### WORK TO BE COMPLETED
Set down only these lines, exactly: the line containing "Etiqueta de borde - Tulipanes coloridos" and all lines through the end of the data below. Omit pictures.
BEGIN DATA TO EXAMINE
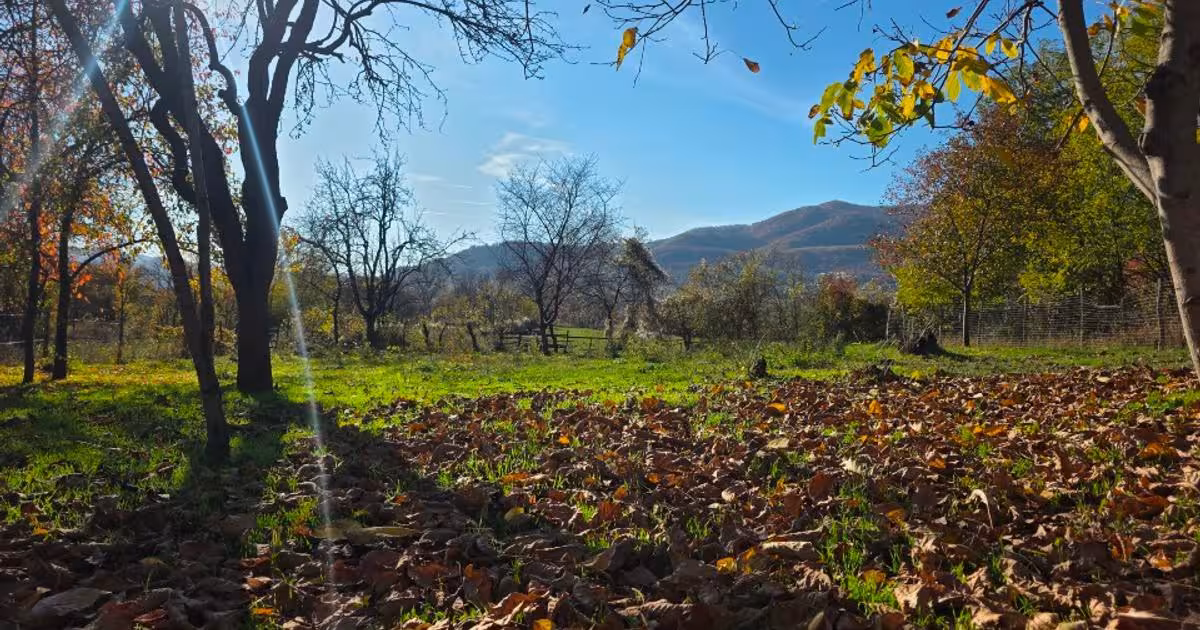 Teren Construcții intravilan de 3300 mp, în Tega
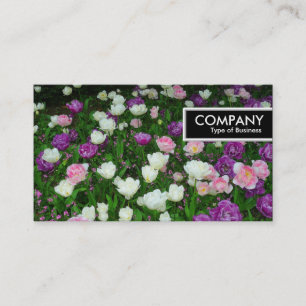 Etiqueta de borde - Tulipanes coloridos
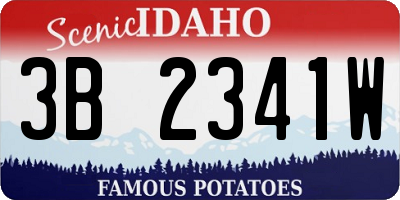 ID license plate 3B2341W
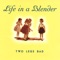 Asshole from Menlo Park - Life In a Blender lyrics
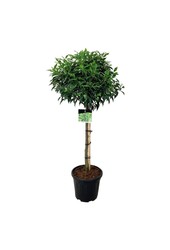 Portugiesischer Lorbeer Prunus Angustifolia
END DATA TO EXAMINE
### RESULT
 Etiqueta de borde - Tulipanes coloridos
 ID license plate 3B2341W
 Asshole from Menlo Park - Life In a Blender lyrics
 Portugiesischer Lorbeer Prunus Angustifolia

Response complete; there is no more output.